President Donald Trump on Friday advanced a Russian disinformation campaign aimed at the U.S. and its allies, endorsing a conspiracy theory less than 24 hours after his former top aide testified under oath that it was part of “a fictional narrative that has been perpetrated and propagated by the Russian security services.”

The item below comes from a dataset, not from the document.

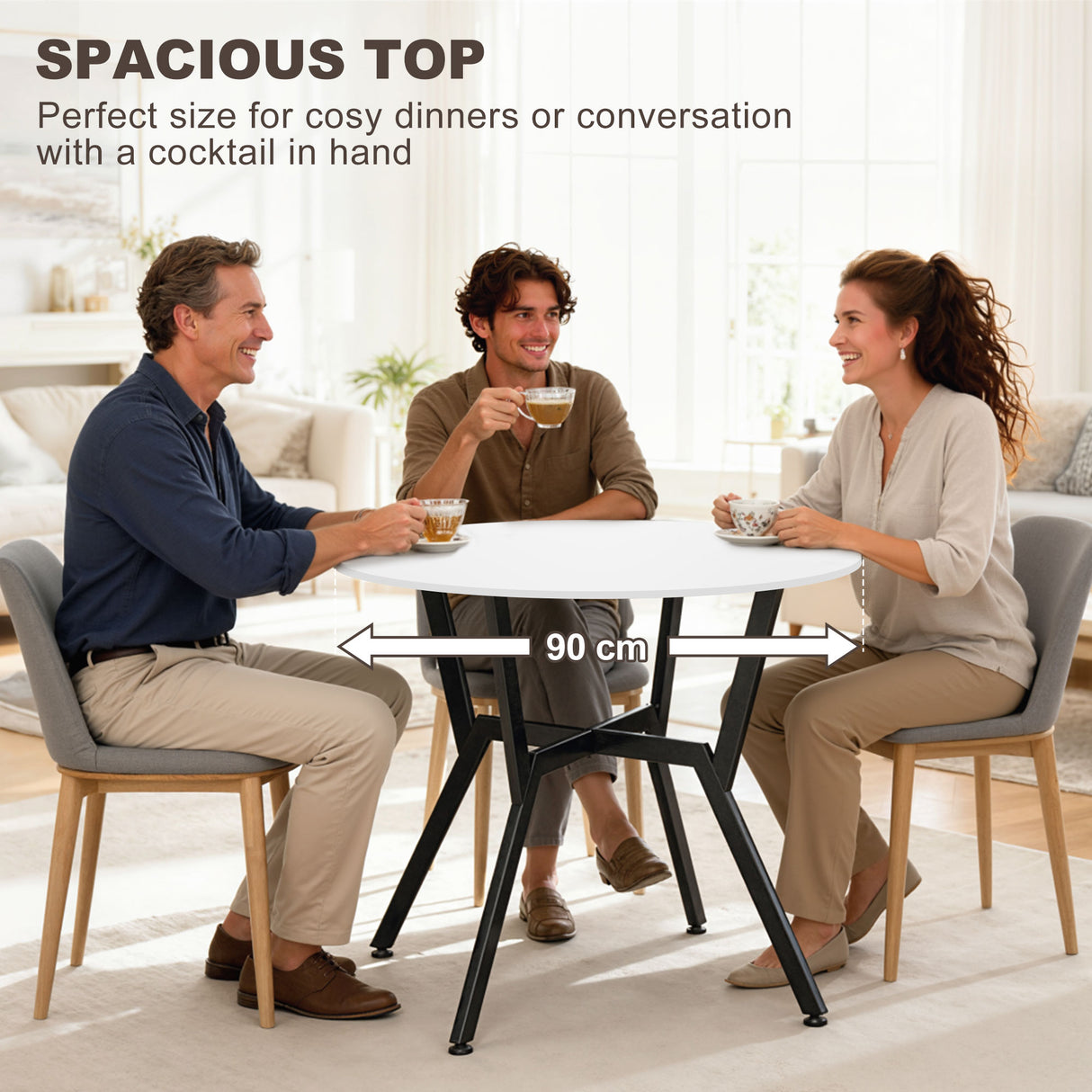 Wooden Kitchen Dining Table Round for 4 People - Velmora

The conspiracy theory, which took root and later spread among far-right Internet websites, conservative media and members of Trump’s inner circle, holds that Ukraine conspired against Trump during the 2016 election and colluded with his rival, Hillary Clinton, by hiding the Democratic National Committee’s email server. The theory claims that CrowdStrike, a security firm hired to investigate the hacking of emails from the DNC, covered up Ukraine’s role and framed Russia instead. In the President’s July 25 call that helped trigger the impeachment inquiry, Trump asked Ukrainian President Volodymyr Zelensky to do him a “favor” and look into Crowdstrike.
The Ukraine theory has been dismissed as false by several of Trump’s current and former top advisors, including his former Homeland Security advisor and others, and by Russia policy experts who say circulating it benefits Moscow. Nevertheless, Trump once again made the false accusation Friday during a nearly hour-long call-in to the “Fox & Friends” morning show in an apparent attempt to defend himself against this week’s House Intelligence Committee impeachment hearings.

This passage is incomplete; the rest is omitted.